音を聴くと、「ドレミファソラシド」が綺麗に重なっていることが分かります。
「同じ音なのに、楽譜の見た目がピアノとちがーう!!」というこのカルチャーショック、例えば「長らくピアノをやってきた人が管楽器に挑戦する」という場面で遭遇することがあります。
なぜ、こんなことが起こるのでしょうか。
同じ音なのに楽譜の見た目が違う?逆も然り!
実はこれ、演奏者への配慮の結果なんです。
ご存じの通り、世の中にはいろいろな種類の楽器があります。
いくつ種類があるかは分かりませんが、数えきれないほどあるということは確実でしょう。
そんなにたくさんの種類があれば、中には似たような構造や音色を持った、名付けるならば「兄弟楽器」のようなものもあります。
例えばサックス。
アルト・サクソフォン(アルトサックス)に比べると、
楽器の長さがより短く音域の高いソプラノ・サクソフォン(ソプラノサックス)、
より長く音域の低いテナー・サクソフォン(テナーサックス)、
もっと長くてもっと音域の低いバリトン・サクソフォン(バリトンサックス)、
もっともっと長くてもっともっと音域の低いバス・サクソフォン(バスサックス)
などがあります。
(ちなみに、さかなクンが氷結のCMで吹いてるのはバスサックスで、スカパラの谷中さんが吹いてるのはバリトンサックス。

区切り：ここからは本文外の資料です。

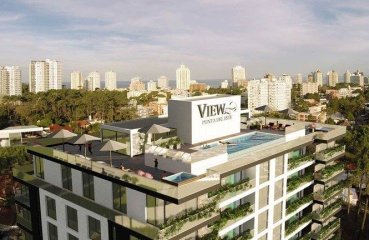 Venta apartamento 1 Dormitorio en edificio moderno con servicios en View I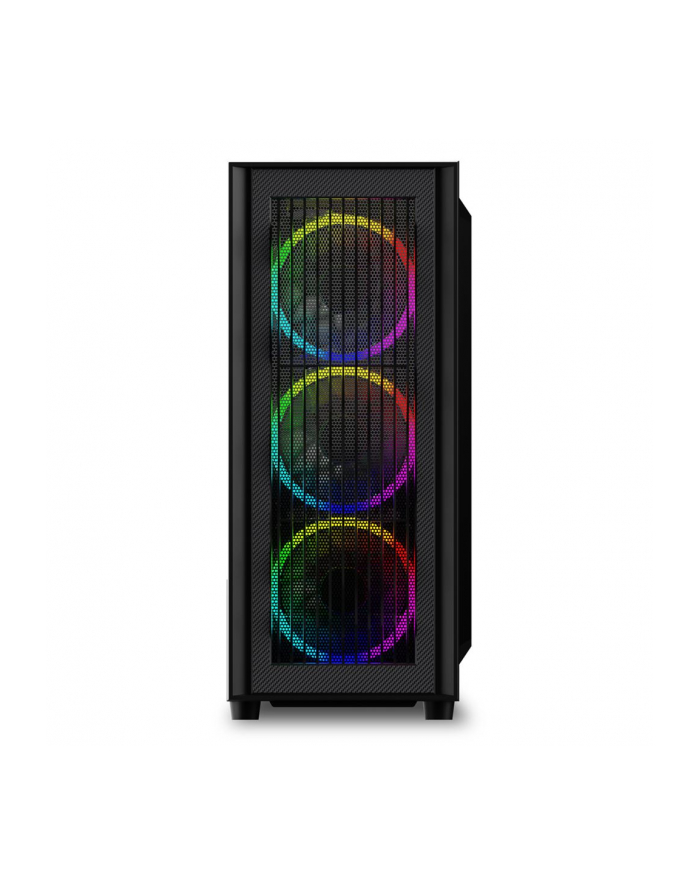 Sharkoon RGB Wave - tower ATX Obudowa komputerowa Czarny (4044951037544) główny
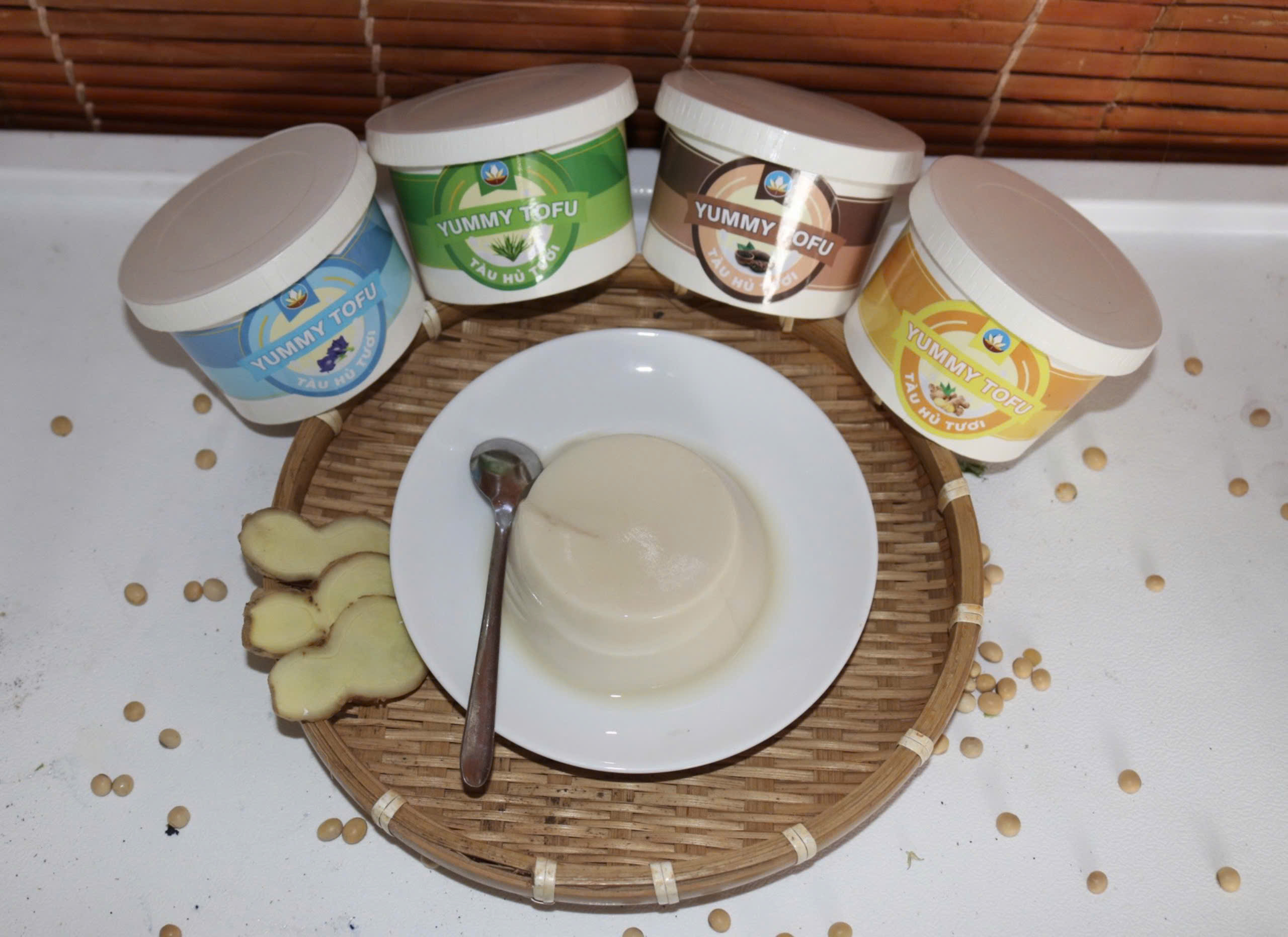 Tàu hũ tươi Yummy sỉ lẻ tại quận 1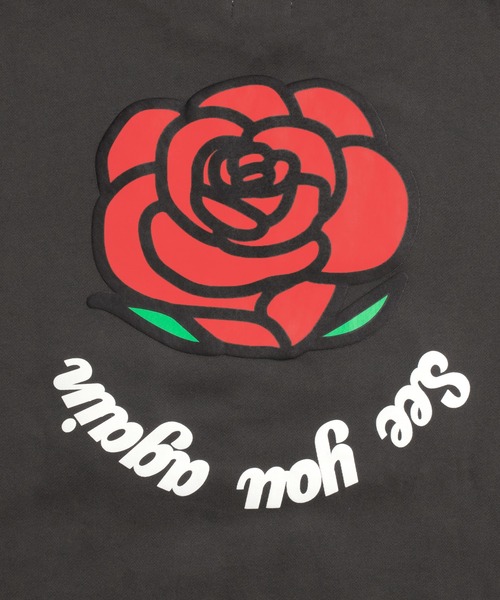FTW(エフティダブリュー)の「ROSE FORM SWEAT(スウェット・メンズ・ブラック/グレー/チャコール・MEDIUM/LARGE)」の11枚目の写真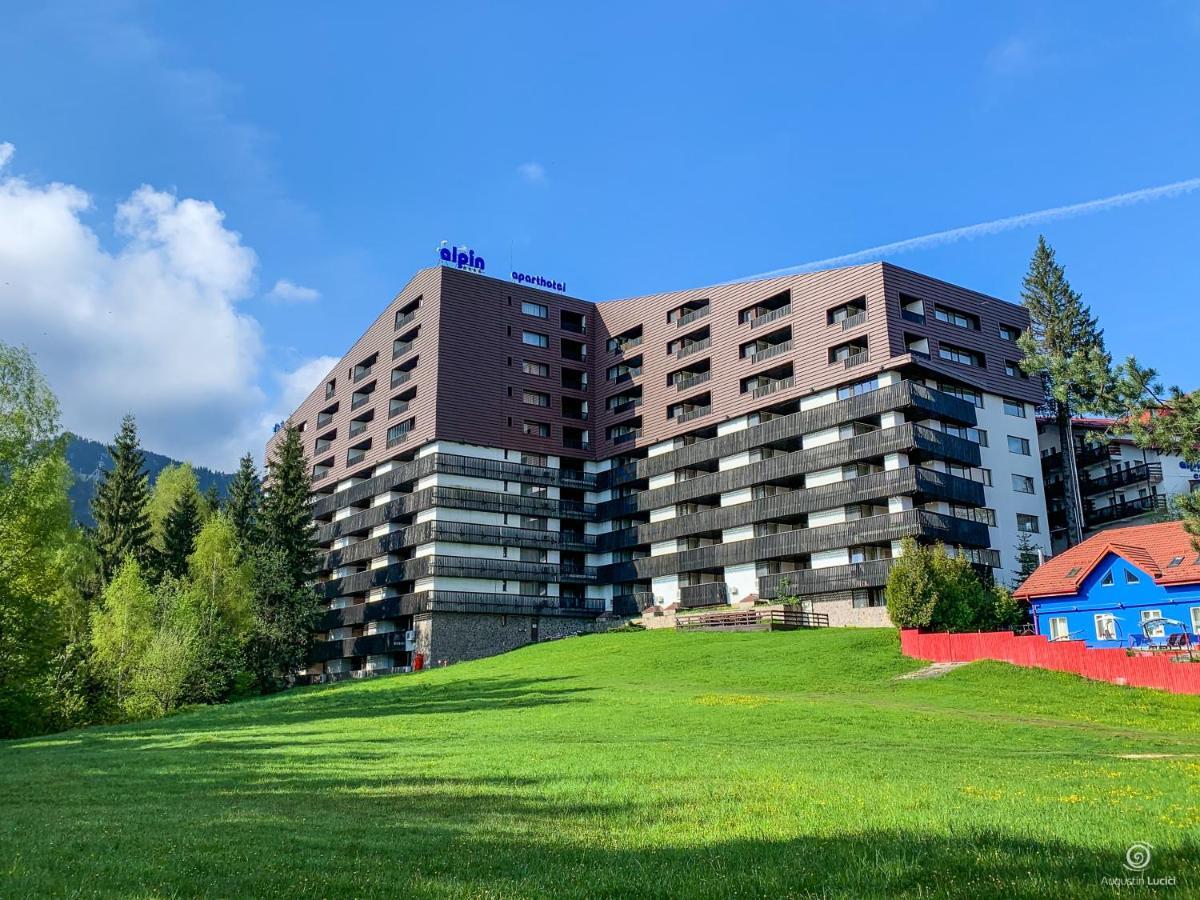 Apartament Alpin Resort Etaj 7 Poiana Brasov Exterior foto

)
1つの楽器ではカバーしきれない音域や響きを表現するのに、兄弟楽器の存在はありがたいわけです。
で、こういう兄弟楽器って構造が同じゆえ、1人の人が複数の兄弟楽器を持ち替えて演奏することもあるんです。
例えば、もしも1人の演奏者が、「ソプラノサックス」と「アルトサックス」を持ち替えて演奏する場合。
ソプラノサックスで、下記の譜面を演奏したとします。

アルトサックスでも、同じ譜面を演奏したとします。

では、この時のアルトサックスの指使いはどんな感じかというと…。

指使いが一緒なんです。
兄弟楽器とはいえ違う種類の楽器なのに。
指使いは一緒なんです!!
そのため、楽器を持ち替えてもわざわざ新しい指使いを覚える必要がないのが便利な点。
しかし、ここで1つ問題が。
もうお察しかと思いますが、同じ楽譜、同じ指使いでも、ソプラノサックスとアルトサックスでは聞こえてくる音が違うんです。

これはもう、構造上しょうがないものなのです。
同じ楽譜、同じ指使いなのは楽だけど、楽器の長さや太さやその他細かい構造上の違いがある以上、出るのは違う音なんです。

じゃあ、

ソプラノサックスとアルトサックスで同じ高さの音を出したい!
という時はどうなるのでしょう?

「兄弟楽器の特徴①」と逆のことをするため、こうなります。

(冒頭のピアノのくだりと同じようなことをしますが、)楽譜を見ながら確かめていきましょう。
例えば、アルトサックスの音を全て半音2つ分上げると、こうなります。

さらに半音2つ分上げると、

さらにさらに半音2つ分上げると、

さらにさらにさらに半音1つ分だけ上げると、

音符全体をずらすことで、
同じ音になりました!
そしてやっぱり見た目が違う!
指使いも違う!

ということで、兄弟楽器に持ち替えて同じ音を出すには、楽譜の見た目や指使いの違いに向き合わないといけないということです。
同じ音なのに楽譜の見た目が違うっていうのは、こういう仕組みで起こるんですねー。

冒頭の話に戻りますが、「楽譜の読み方がピアノとは違う!」というカルチャーショックも、ここまでお話したようなタイプの楽器に起こります。
吹奏楽部の管楽器を例に挙げると…

私もこのカルチャーショックに直面するところでしたが、選んだ楽器がファゴットだったのでセーフでした。
なお、同じピアノ教室に通っていた友人はクラリネットを選んだので、そこそこ大変そうでした。
良き思い出です。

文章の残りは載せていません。